Apología de las manos
Voy a referirme, en primer lugar, a las manos que bendicen. Manos que trazan la señal de la cruz sobre la asamblea de los fieles evocando la gracia santificadora del Padre, del Hijo y del Espíritu Santo. Son manos llenas de gracia, repartidoras de luz y de bendición.
Junto a las manos que bendicen recordamos también las manos sacerdotales extendidas sobre la oblación del pan y del vino, invocando la efusión santificadora del Espíritu. Es la plegaria que designamos con el curioso nombre de epíclesis. Son manos transmisoras del Espíritu, henchidas de gracia y de fuerza transformadora.
También pensamos en las manos que se elevan suplicantes en la oración. Manos alzadas del sacerdote; y manos alzadas de los creyentes invocando la presencia gratificante del Altisimo.
Y las manos enlazadas, haciendo de la comunidad una sola alma y un solo corazón, al rezar juntos la oración del Señor.
Son también las manos que se estrechan al saludarnos; las manos calurosas, cercanas, para significar el aprecio, la franqueza, el cariño, la amistad. Son las manos que vehiculan la unión solidaria, la caridad fraterna, el amor sincero.
Junto a las manos que se estrechan y saludan están las manos cariñosas, las manos que acarician, las manos que enjuagan las lágrimas de los sufrientes.
Sobre todo, las manos sacerdotales que, en un gesto sacramental de profundo significado y de honda raigambre en la tradición cristiana, se imponen sobre la cabeza de los candidatos a los ministerios eclesiales. Gesto augusto, impresionante, transmisor de gracia y de plenitud.

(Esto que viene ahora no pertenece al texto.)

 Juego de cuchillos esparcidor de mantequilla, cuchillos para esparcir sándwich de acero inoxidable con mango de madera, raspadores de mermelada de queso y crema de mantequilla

Podríamos seguir. La honorabilidad de las manos se apoya en valores antropológicos y cristianos. Desde la experiencia litúrgica y desde la existencia humana descubrimos la riqueza emblemática y la nobleza de las manos. Sin ninguna duda ellas ofrecen el más digno trono, como sugieren los Padres de la Iglesia, para acoger el cuerpo glorioso del Resucitado en la eucaristía.